Kolejnym odwiedzonym miejscem jest plac Senacki. To serce tego miasta ze stojącą na wzgórzu ogromną luterańską Katedrą Helsińską (obecnie w remoncie) ze złotą kopułą widoczną z wieku miejsc miasta. Plac otoczony jest neoklasycznymi budynkami. Mamy więc Pałac Rządowy, budynek Uniwersytetu Helsińskiego, po przeciwnej Bibliotekę Narodową. W centralnym miejscu stoi pomnik cara Aleksandra II, który postawiono, by podkreślić zasługi, jakie wniósł dla narodu fińskiego, bowiem złagodził represje wobec narodu fińskiego. Odchodzące od niego uliczki tchną dawnym klimatem, a w wielu budynkach mieszczą się muzea.








Stąd już tylko kilka kroków do Esplanadi. Tak nazywane są równoległe ulice otoczone wykwintnymi budynkami i wąski park między nimi. Wspaniałe miejsce spacerowe z mnóstwem kwiatów i ławeczek do wypoczynku. Stoi tu pomnik Runeberga, fińskiego poety romantycznego, autora nieoficjalnego fińskiego hymnu. Na jej końcu znajdziemy historyczną restaurację Kappeli. A jeszcze dalej mały skwerek z secesyjnym pomnikiem Havis Amanda Ville Valgrena. To syrena w otoczeniu morskich zwierząt.  

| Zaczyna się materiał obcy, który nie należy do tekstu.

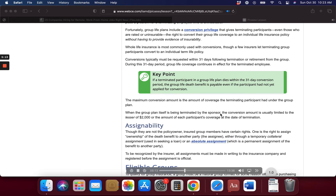Though they are not the policy owner, insured group members have certain rights. One is the right to assign ownership of the death benefit to another party — the assignee — either through a temporary collateral assignment, used in seeking a loan, or an absolute assignment, which is a permanent assignment of the benefit to another party. To be recognized by the insurer, all assignments must be made in writing to the insurance company and registered before the assignment is official.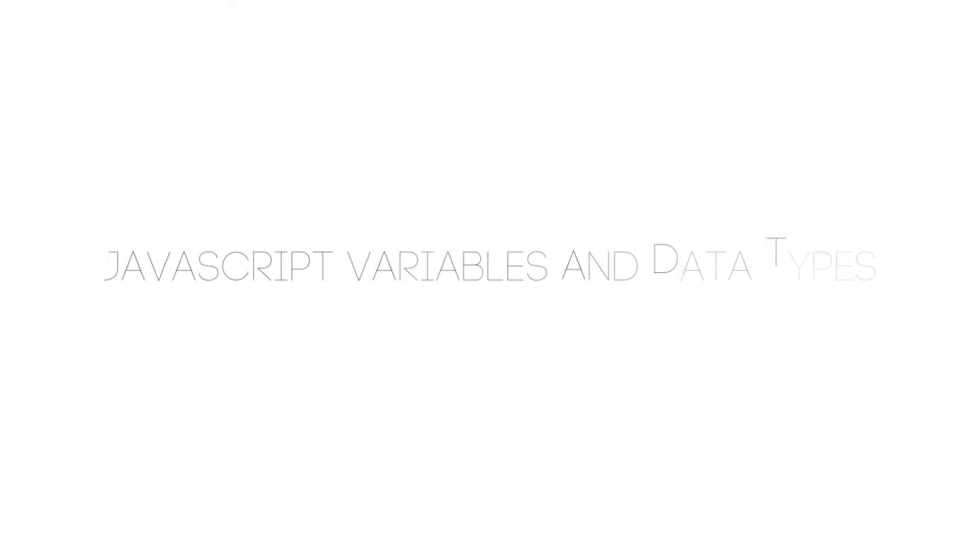Hello Coders, this is Jared from Renaissance Coders and today we are going to learn about variables and data types in JavaScript.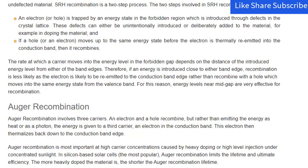Auger recombination involves three carriers. An electron and a hole recombine, but rather than emitting the energy as heat or as a photon, the energy is given to a third carrier — an electron in the conduction band. This electron then thermalizes back down to the conduction band edge. Auger recombination is most important at high carrier concentrations caused by heavy doping or high level injection under concentrated sunlight.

Jeśli zboczymy w prawą stronę dojdziemy do Starej Hali Targowej (1889). To przepiękny budynek z czerwonej cegły, z kremowymi wstawkami, z mnóstwem okien i zdobień. Fantastycznie wygląda też wewnątrz. Do dziś można tu kupić różne specjały, w tym z kuchni fińskiej. I kieszeń wytrzymuje tutejsze zakupy.





Stąd dobrze widoczny jest stojący na wzgórzu Sobór Uspieński, który dziś jest główną świątynią (katedrą) fińskiego kościoła prawosławnego. Zbudowano go w połowie XIX wieku i na prośbę cara Aleksandra II nosi wezwanie Zaśnięcia Matki Bożej. Przyciąga wzrok ceglanymi ścianami ze zdobieniami i trzynastoma złotymi kopułami, które symbolizują Jezusa  oraz apostołów. Wnętrze jest równie wspaniałe, z przepięknym ikonostasem, mozaikami, freskami i złotymi żyrandolami. I zwiedza ją się za darmo! Jednak zdjęć nie ośmieliłam się wnętrzom robić. Warto tu zajrzeć, bo oprócz piękna katedry, widoki na miasto mamy stąd pierwszorzędne!






Na znajdującym się nieopodal parkingu czekał na nas autokar, który powiózł nas z powrotem do portu. Ale wcześniej odwiedził nas pan policjant, który grzecznie poprosił, abyśmy sprawdzili, czy wszyscy mamy dokumenty. Mieliśmy! Nowoczesna metropolia, często designerska, ze starszymi elementami, do tego czysta i… mili ludzie. Bez efektu wow, ale fajne miasto!